(THE TASK): Begin at the line containing "Greg Selinger et" in the entries below and end at the line containing "JennaBee Rust ZigZag Sling Bag"; transcribe that range exactly and nothing outside it.

(DATA SHOWN):
....
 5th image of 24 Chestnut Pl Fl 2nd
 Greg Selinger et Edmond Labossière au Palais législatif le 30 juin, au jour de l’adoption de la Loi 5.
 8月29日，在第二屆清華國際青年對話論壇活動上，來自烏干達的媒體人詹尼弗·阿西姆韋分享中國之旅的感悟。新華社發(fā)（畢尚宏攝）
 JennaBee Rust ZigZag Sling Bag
....
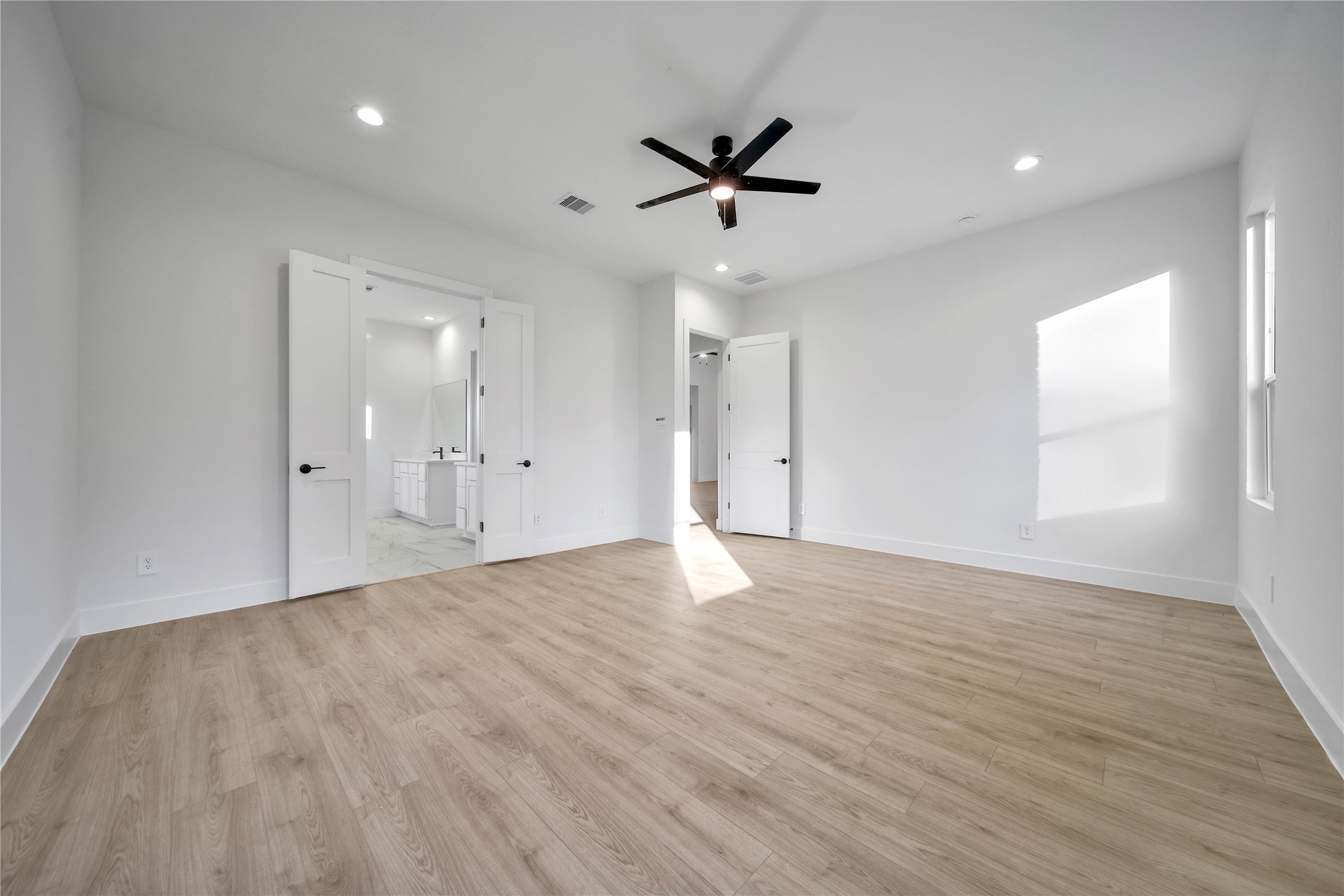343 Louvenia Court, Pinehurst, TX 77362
....
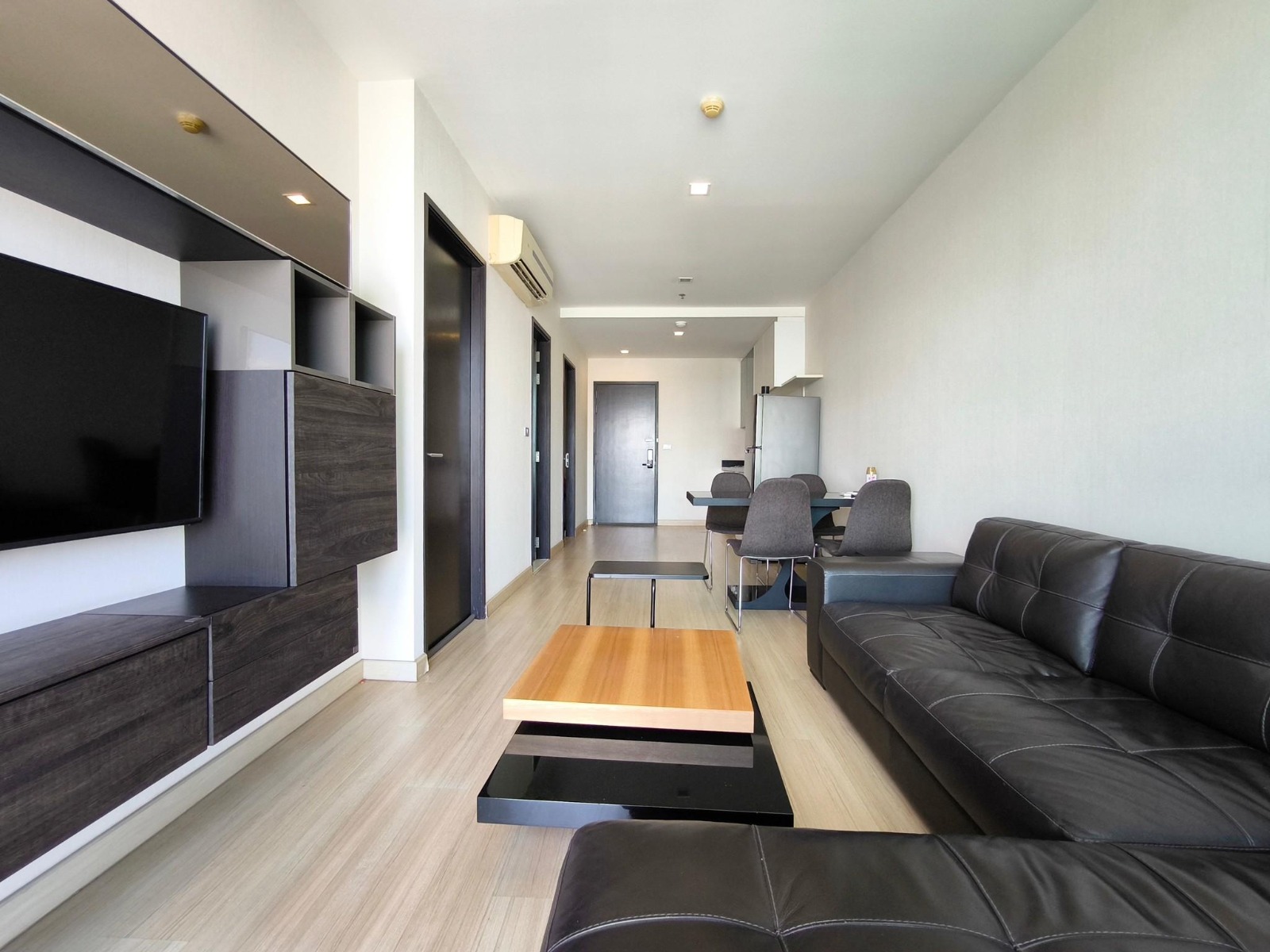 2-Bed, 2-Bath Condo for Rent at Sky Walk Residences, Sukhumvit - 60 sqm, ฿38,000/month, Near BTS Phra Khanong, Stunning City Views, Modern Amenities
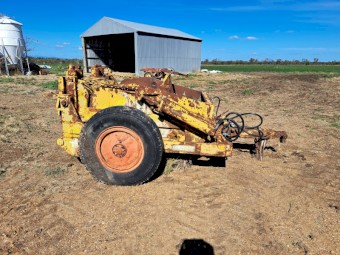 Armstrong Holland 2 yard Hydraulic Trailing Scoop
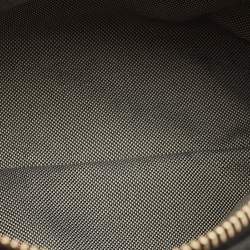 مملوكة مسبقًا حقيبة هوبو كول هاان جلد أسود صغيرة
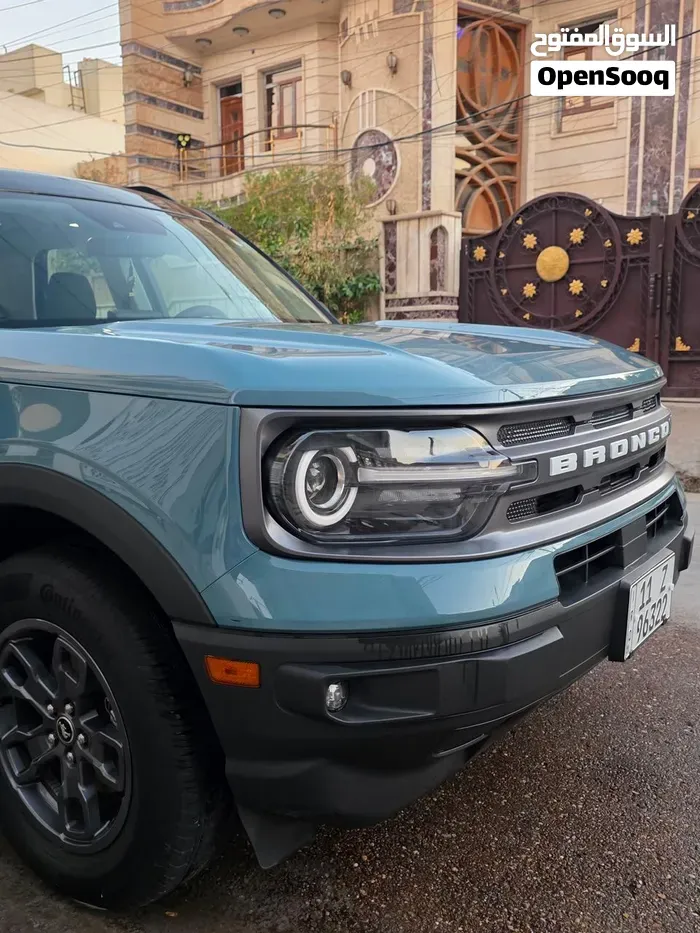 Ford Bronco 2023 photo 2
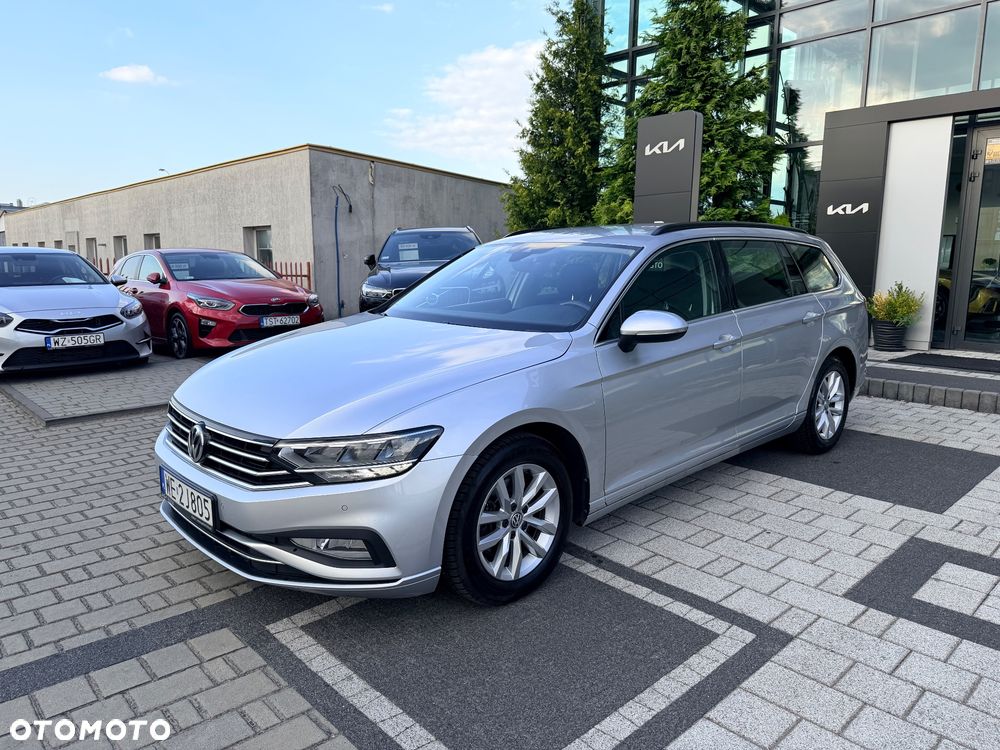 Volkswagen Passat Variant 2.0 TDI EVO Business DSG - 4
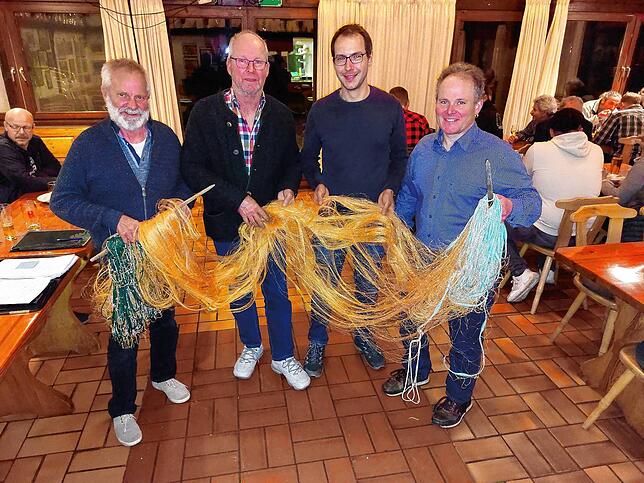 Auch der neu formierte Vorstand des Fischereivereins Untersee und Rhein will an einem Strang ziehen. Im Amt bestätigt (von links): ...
....
(WRITTEN ANSWER):
 Greg Selinger et Edmond Labossière au Palais législatif le 30 juin, au jour de l’adoption de la Loi 5.
 8月29日，在第二屆清華國際青年對話論壇活動上，來自烏干達的媒體人詹尼弗·阿西姆韋分享中國之旅的感悟。新華社發(fā)（畢尚宏攝）
 JennaBee Rust ZigZag Sling Bag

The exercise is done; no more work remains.